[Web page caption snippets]
════════
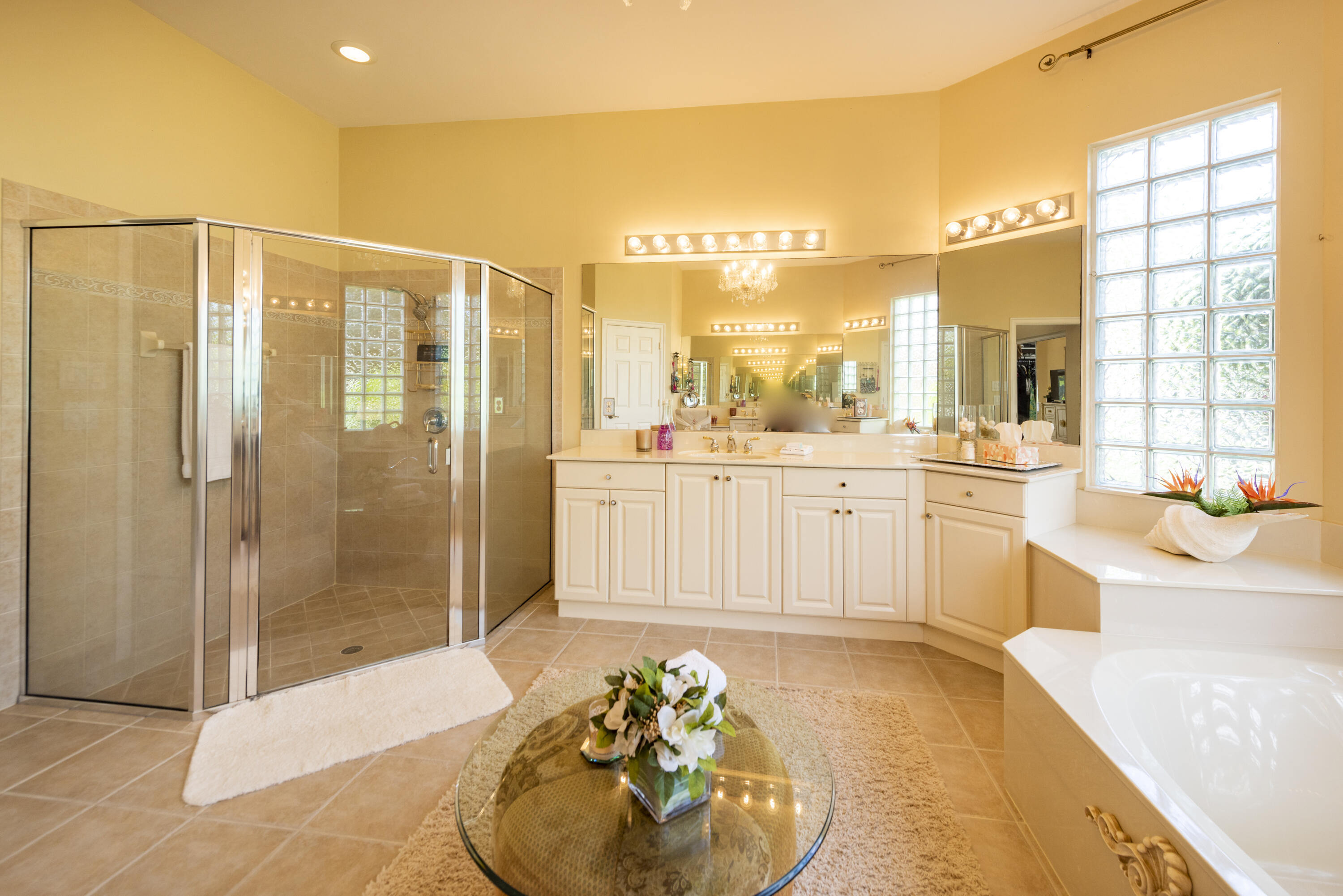 RIVERSTONE - Residential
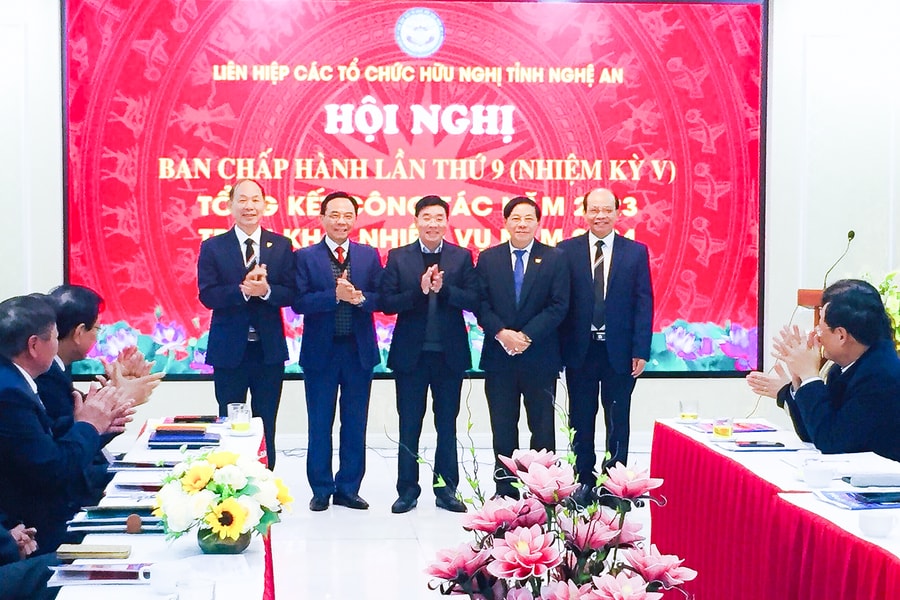 Liên hiệp các tổ chức hữu nghị tỉnh Nghệ An hội nghị Ban chấp hành lần thứ 9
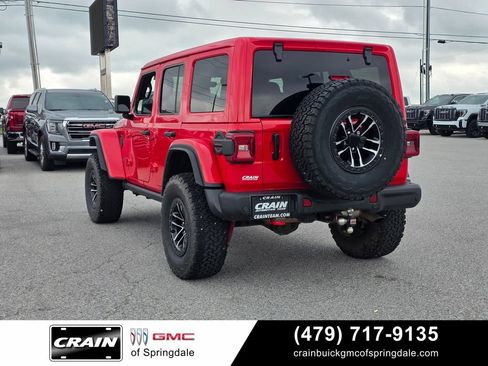 Used 2025 Jeep Wrangler Unlimited Rubicon AWD/4WD image 5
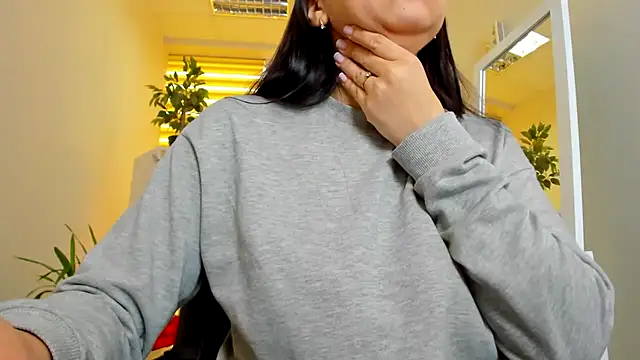 Snapshot of Tianniaa chatting on 04.17.26 Tianniaa online show from 04.17.26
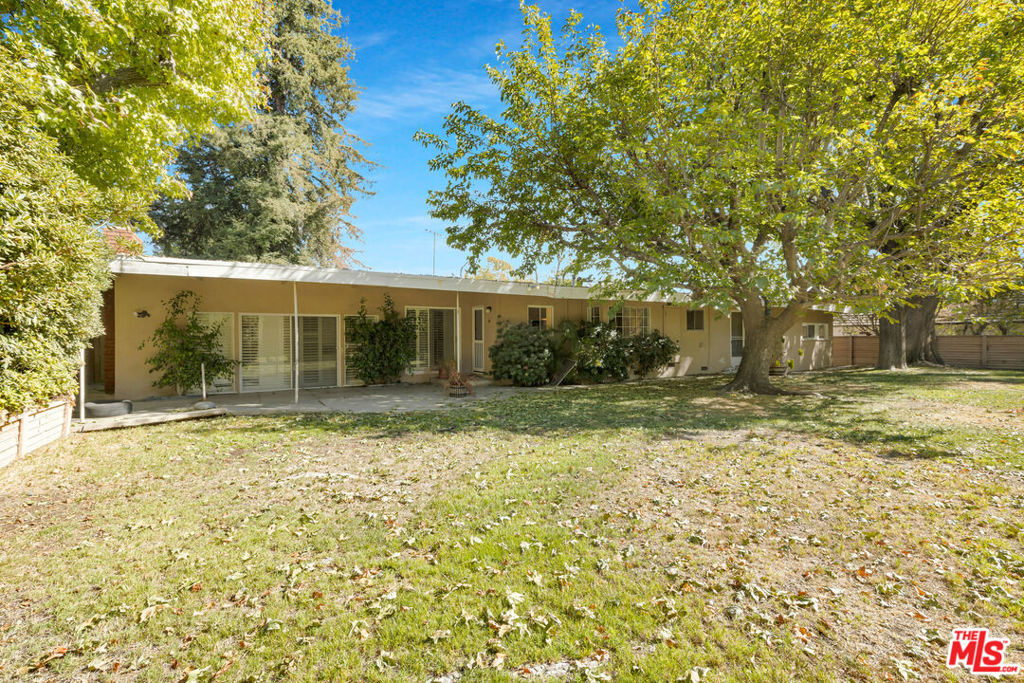 11331 Lasaine Avenue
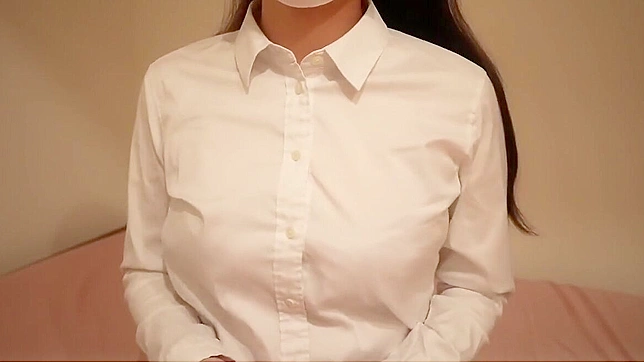 日本色情片：迷人的女妖通过网络摄像头让你疯狂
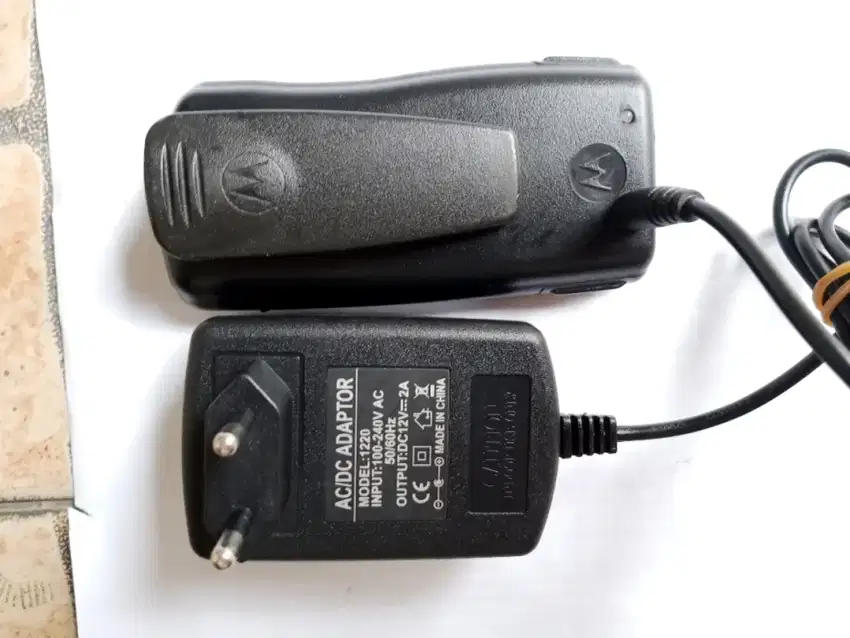 Jual 1unit baterai lithium lengkap charger untuk HT Motorola GP 2000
════════
* [What needs to be done]: Restate every record exactly, please; do not copy the pictures.

* [Solution for this task]:
 RIVERSTONE - Residential
 Liên hiệp các tổ chức hữu nghị tỉnh Nghệ An hội nghị Ban chấp hành lần thứ 9
 Used 2025 Jeep Wrangler Unlimited Rubicon AWD/4WD image 5
 Snapshot of Tianniaa chatting on 04.17.26 Tianniaa online show from 04.17.26
 11331 Lasaine Avenue
 日本色情片：迷人的女妖通过网络摄像头让你疯狂
 Jual 1unit baterai lithium lengkap charger untuk HT Motorola GP 2000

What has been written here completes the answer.